Required action:
Write out, word for word, the part of the listing below that opens with the line containing "Load image into" and closes with the line containing "Coureur - Bonnet", keeping both of those lines and adding no others.

Records for the task:
----------------------------------------
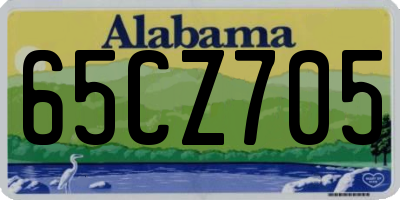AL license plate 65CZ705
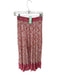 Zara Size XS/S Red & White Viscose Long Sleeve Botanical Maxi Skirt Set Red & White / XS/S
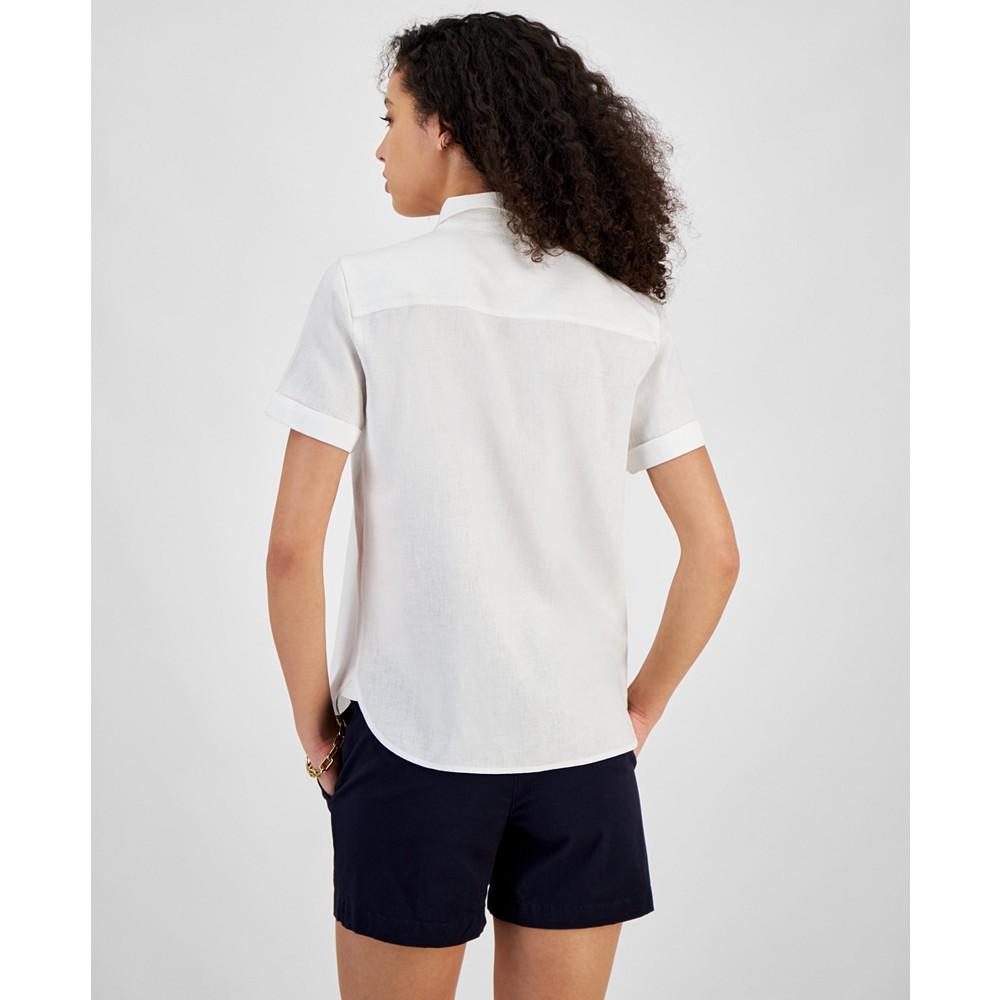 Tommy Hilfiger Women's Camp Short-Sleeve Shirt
----------------------------------------
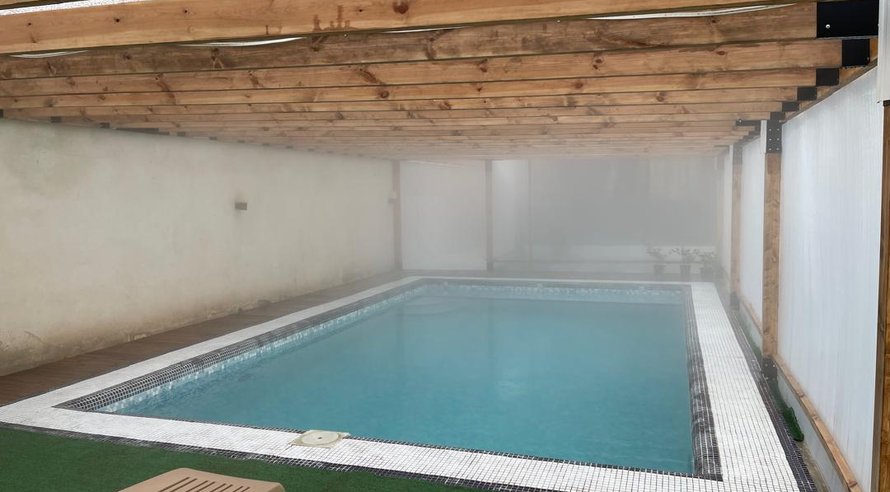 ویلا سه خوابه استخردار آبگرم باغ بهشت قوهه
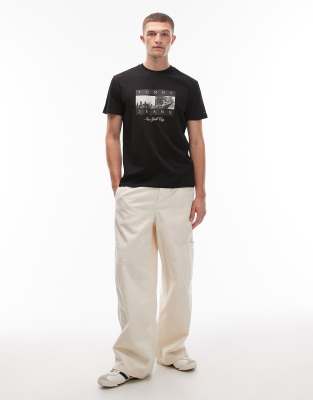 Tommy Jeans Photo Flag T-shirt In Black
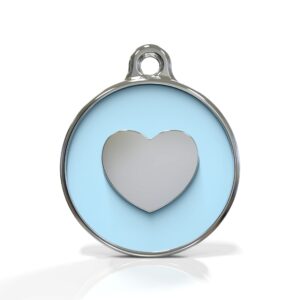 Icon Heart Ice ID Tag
----------------------------------------
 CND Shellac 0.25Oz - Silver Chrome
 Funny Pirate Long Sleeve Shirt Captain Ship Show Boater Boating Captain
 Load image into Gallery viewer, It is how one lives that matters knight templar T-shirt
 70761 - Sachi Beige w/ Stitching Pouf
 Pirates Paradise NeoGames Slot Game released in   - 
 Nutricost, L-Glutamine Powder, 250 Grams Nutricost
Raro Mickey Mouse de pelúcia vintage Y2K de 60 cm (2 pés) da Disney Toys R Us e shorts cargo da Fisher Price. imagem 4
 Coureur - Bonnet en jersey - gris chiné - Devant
----------------------------------------
Completed task:
 Load image into Gallery viewer, It is how one lives that matters knight templar T-shirt
 70761 - Sachi Beige w/ Stitching Pouf
 Pirates Paradise NeoGames Slot Game released in   - 
 Nutricost, L-Glutamine Powder, 250 Grams Nutricost
Raro Mickey Mouse de pelúcia vintage Y2K de 60 cm (2 pés) da Disney Toys R Us e shorts cargo da Fisher Price. imagem 4
 Coureur - Bonnet en jersey - gris chiné - Devant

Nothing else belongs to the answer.